The indexing process is far from perfect. For example, in the current process, the entire head element of the EAD file is ignored. While it contains very rich metadata, such as controlled vocabulary terms and abstracts, these values describe the collection as a whole and do not necessarily apply to each individual did-level element.
Second, creating EAD files is laborious in the first place. There are not enough resources in most archival departments to describe did-level elements with much more detail than title and date. It would be nice to have a narrative summary describing of each did-level element, a more specific format, some key words or controlled vocabulary, a consistently formatted date, etc. But again, creating such metadata for each did-level element is expensive. Consequently, indexed items are not described as robustly as possible.

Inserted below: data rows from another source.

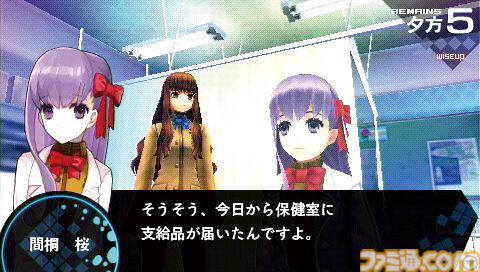 『Fate/EXTRA』がPSPで発売された日。『Fate/stay night』の世界観を再構築し、RPGとして新生させた一作【今日は何の日？】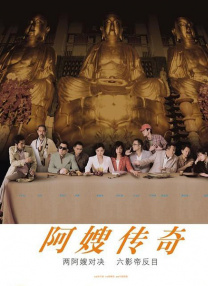 精品综合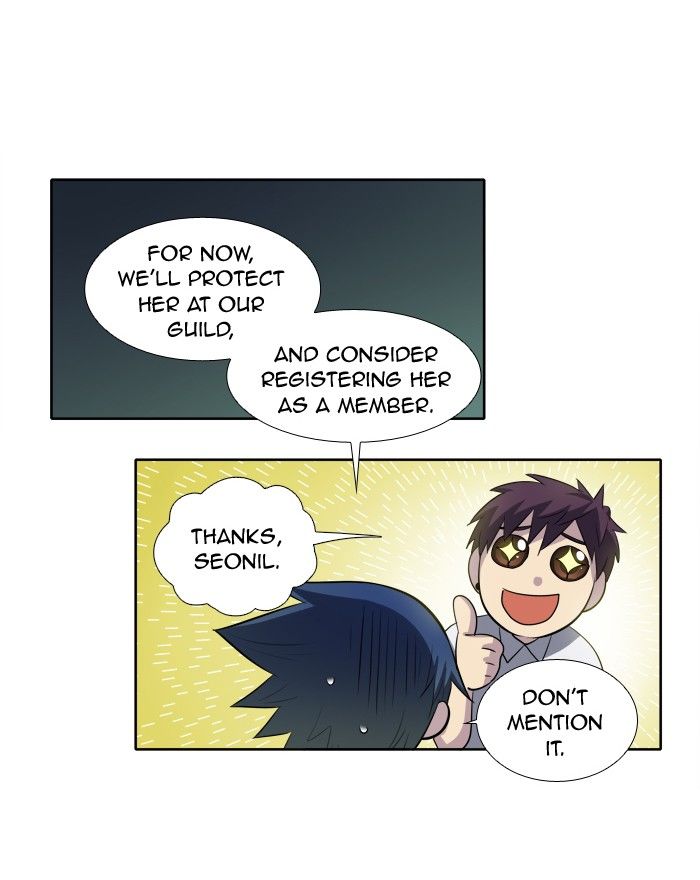 The Gamer Chapter 141 page 17 - Chapter 141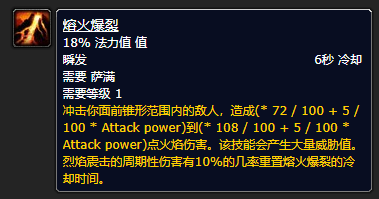 魔兽世界探索赛季12 月1 日上线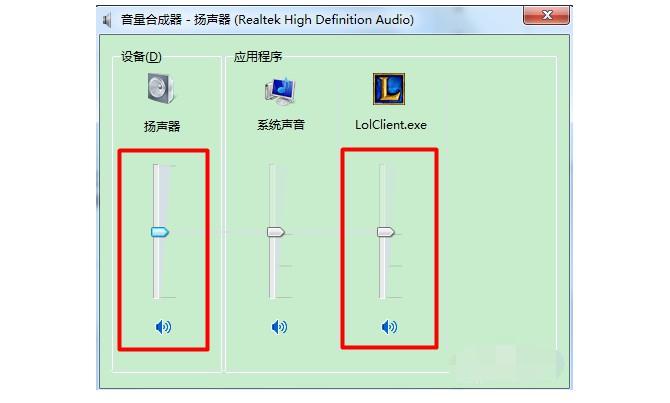 b-確定揚(yáng)聲器和lol沒有靜音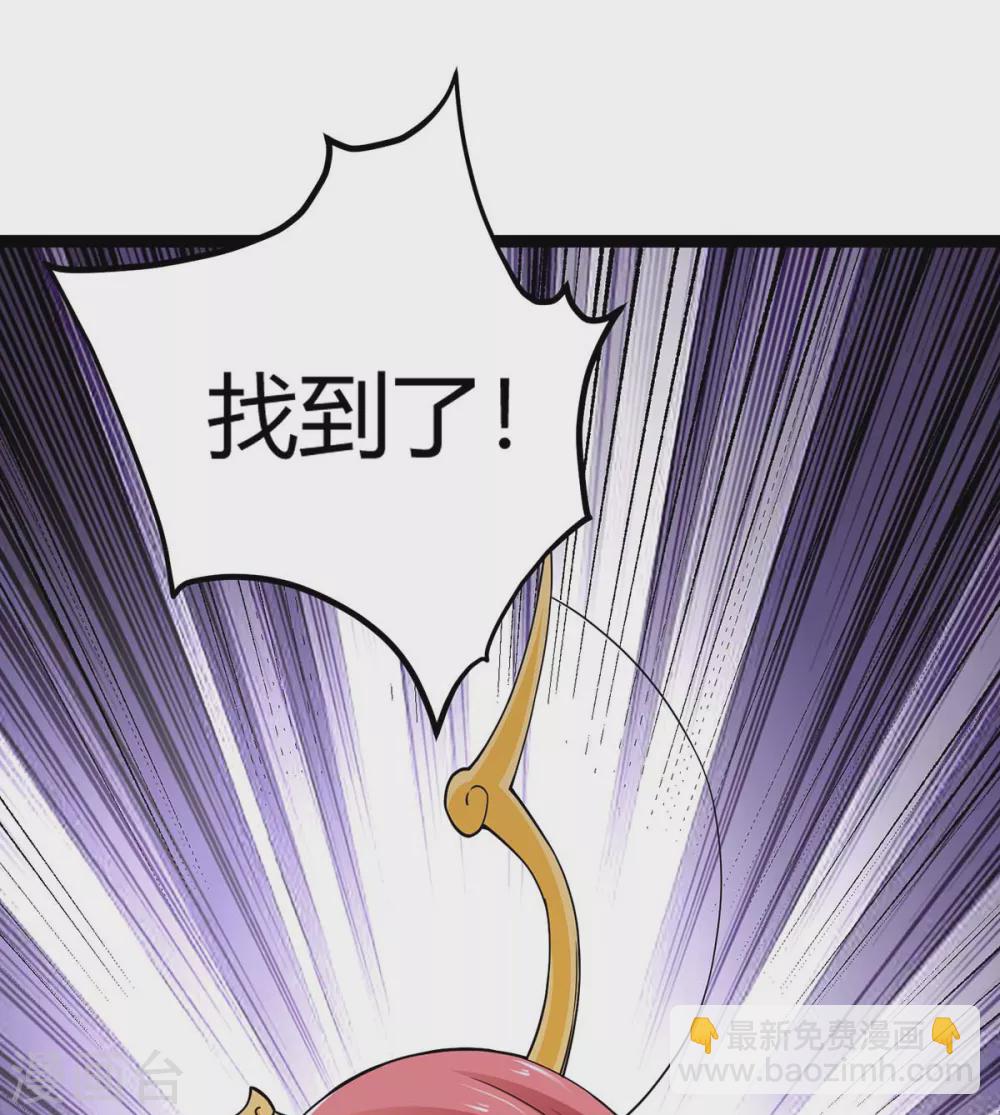 第168话 身边眼线14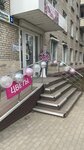 Магазин цветов (Oktyabrskiy Avenue, 3), flower shop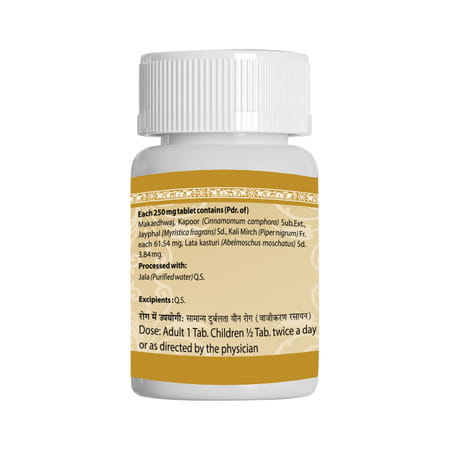 Uma Ayurveda Makardhwaj Vati Ayurvedic Tablets 80 Tab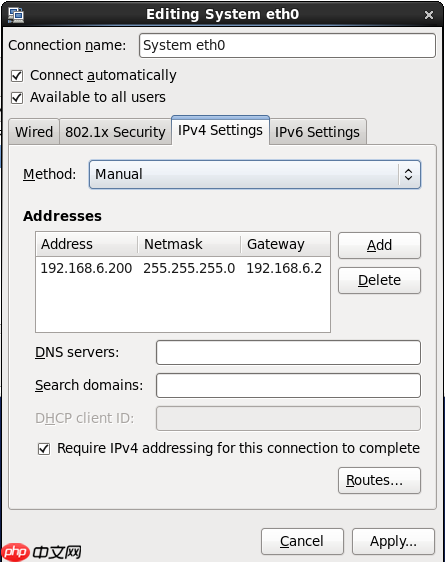 Hadoop环境搭建–Linux 环境准备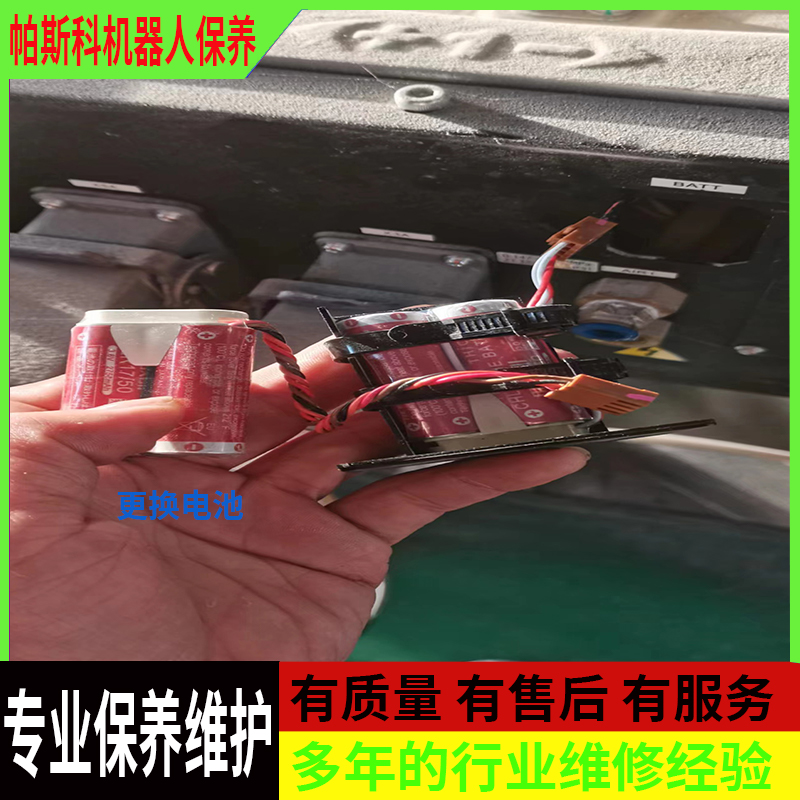 機械手臂碼垛設(shè)備的保養(yǎng)維護Maintenance of robotic palletizing equipment
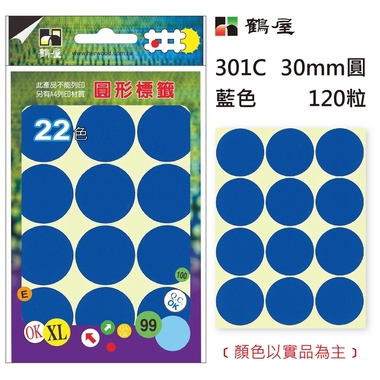 鶴屋Φ30mm圓形標籤 301C 藍色 120粒(共17色)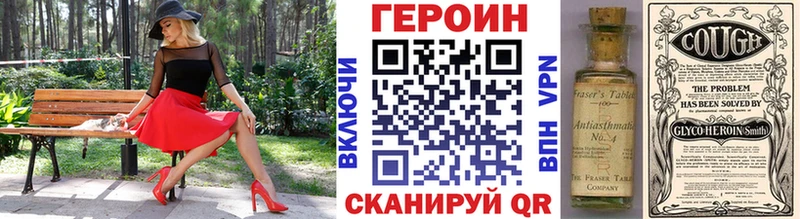 ГЕРОИН Heroin  наркота  Бикин 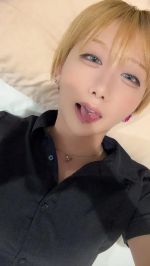 おちりまるみえ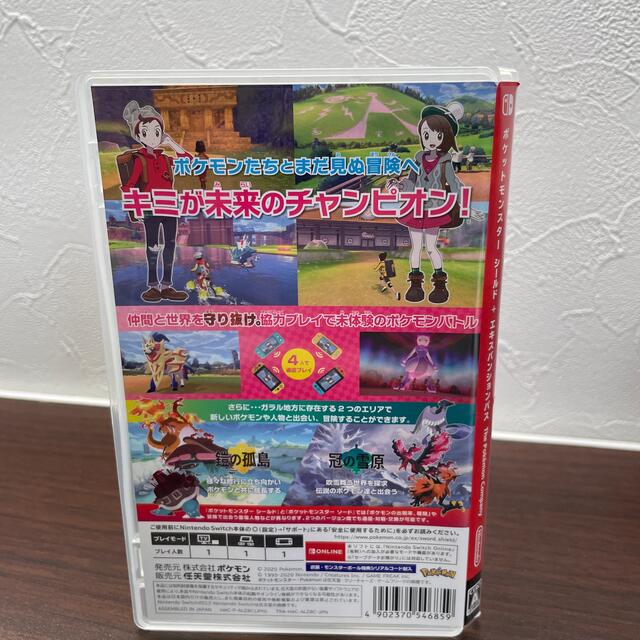 ポケモン(ポケモン)のSwitch ポケットモンスター シールド ＋ エキスパンションパス エンタメ/ホビーのゲームソフト/ゲーム機本体(家庭用ゲームソフト)の商品写真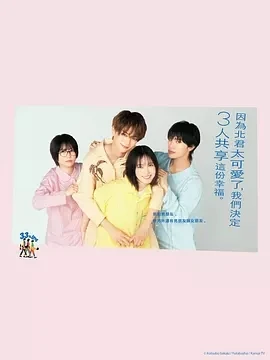 北君可爱到难以招架，只好三人共享了。 (2025)更至03集-百度网盘1080P高清免费日剧资源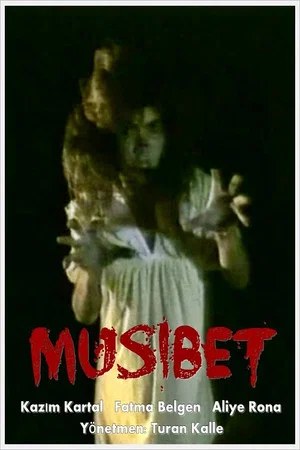 Постер: Musibet
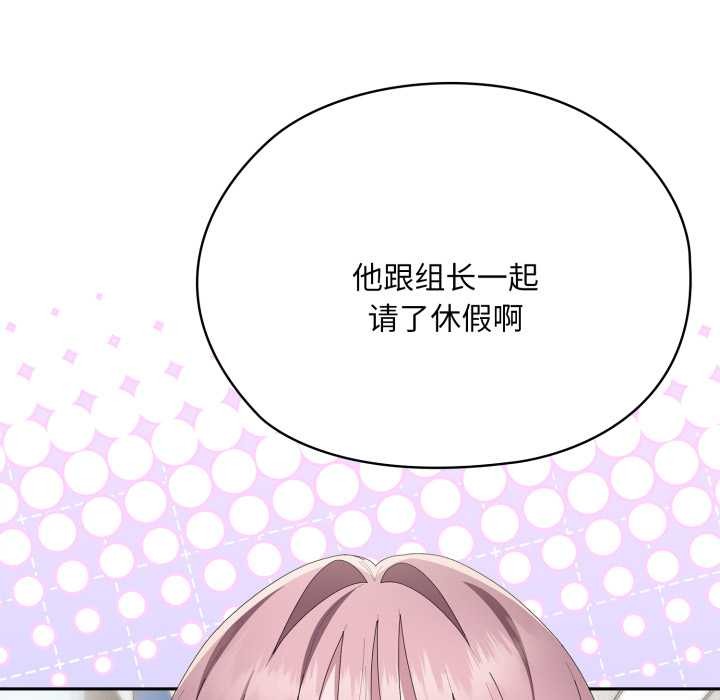 大企业里的小秘密第71話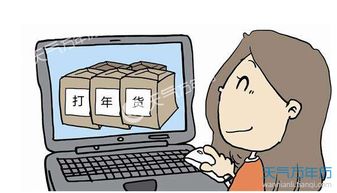 快递人员什么时候放假？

Third, while VuFind’s implementation of Solr is bibliographic in nature, it is heavily weighted towards bibliographic metadata describing books. OCLC number. Call number. ISBN & ISSN. Edition. Etc. There are no fields for EAD-specific things such as postal addresses, provenance, nor biographies.
Again, the process is not perfect, but it does enable the Catholic Research Resources Alliance to amalgamate the metadata of its member institutions and provide a searchable index to the result. Suggestions for improvement are welcome.